Все произошло неожиданно. Просто я вдруг увидел возле самого своего лица звериные глаза. Так похожие на те, янтарные и мудрые, но уже по-настоящему звериные. Темные от ярости и жажды крови. И не привыкшие щадить. Вмешиваться в закон джунглей со своей сентиментальностью - не самая лучшая тактика. Во всяком случае, когда у тебя в руках ружье.

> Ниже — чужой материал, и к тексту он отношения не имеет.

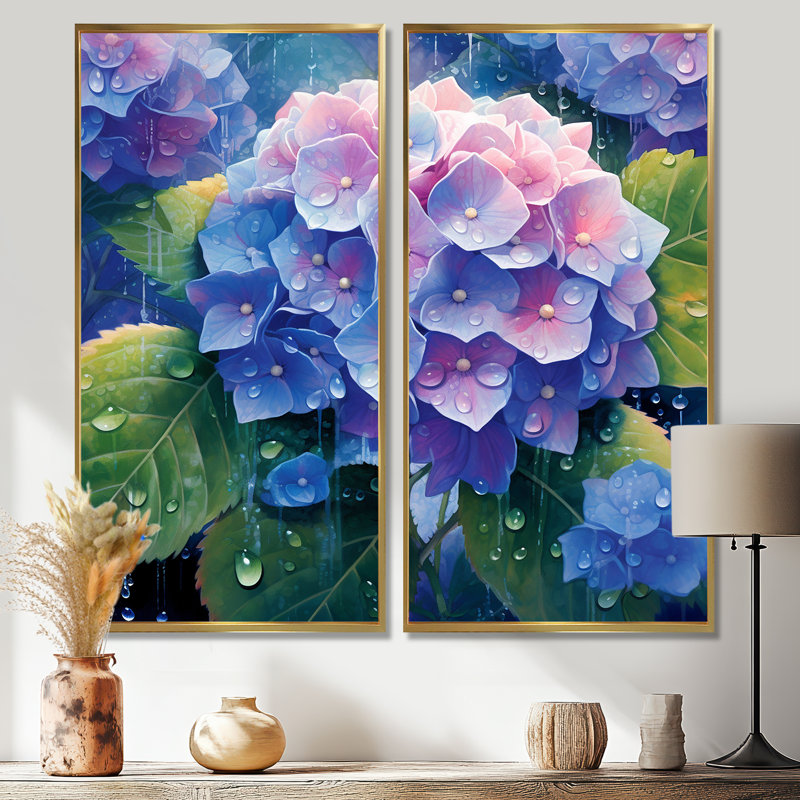 Hortensia bleu et vert - art mural traditionnel 2 panneaux, 32" H x 32" W, Impression encadrée flottante, Gold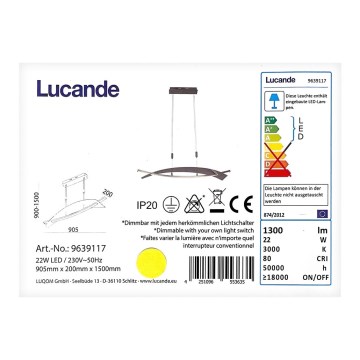 Lucande - Светодиодная подвесная люстра с регулированием яркости MARIJA LED/22W/230V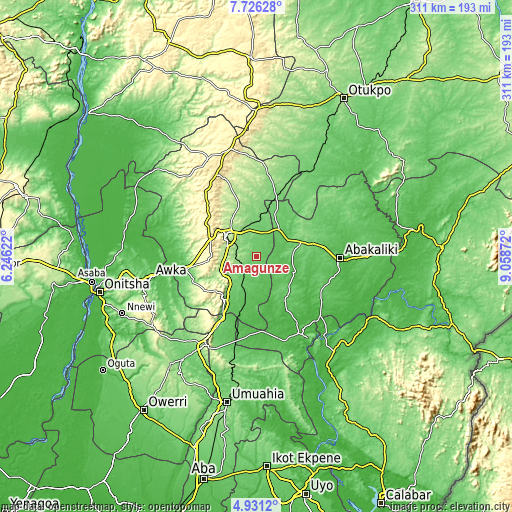 Topographic map of Amagunze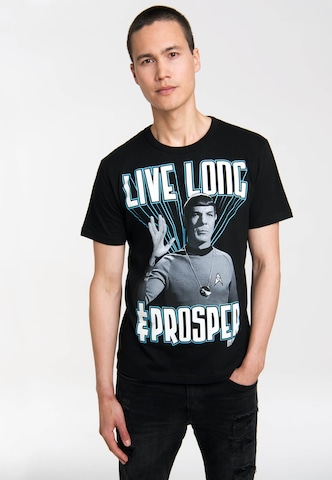 LOGOSHIRT Shirt 'Star Trek – Live Long & Prosper' in Black: front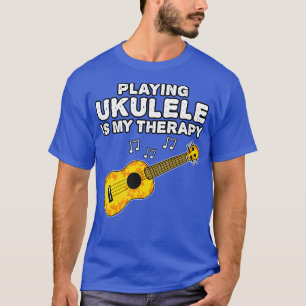 Camiseta Tocar Ukulele É Minha Terapia Ukulelista Engraçado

Заросли саговников и араукарий раздались и поглотили нас вновь. Наши тела сплелись в объятии, но отнюдь не дружеском. Когда его когти виртуозно вскрыли мою грудную клетку – в этот момент мне очень не хватало дружеского участия и влажной, сентиментальной поволоки, так идущей янтарным глазам.
И еще в это угасающее мгновенние я не переставал верить, что тот, который отнесся ко мне по-человечески и которого я заслонил собой, – что он действительно не знал. Конечно, он не знал, что помощь спешила к нему, а не ко мне.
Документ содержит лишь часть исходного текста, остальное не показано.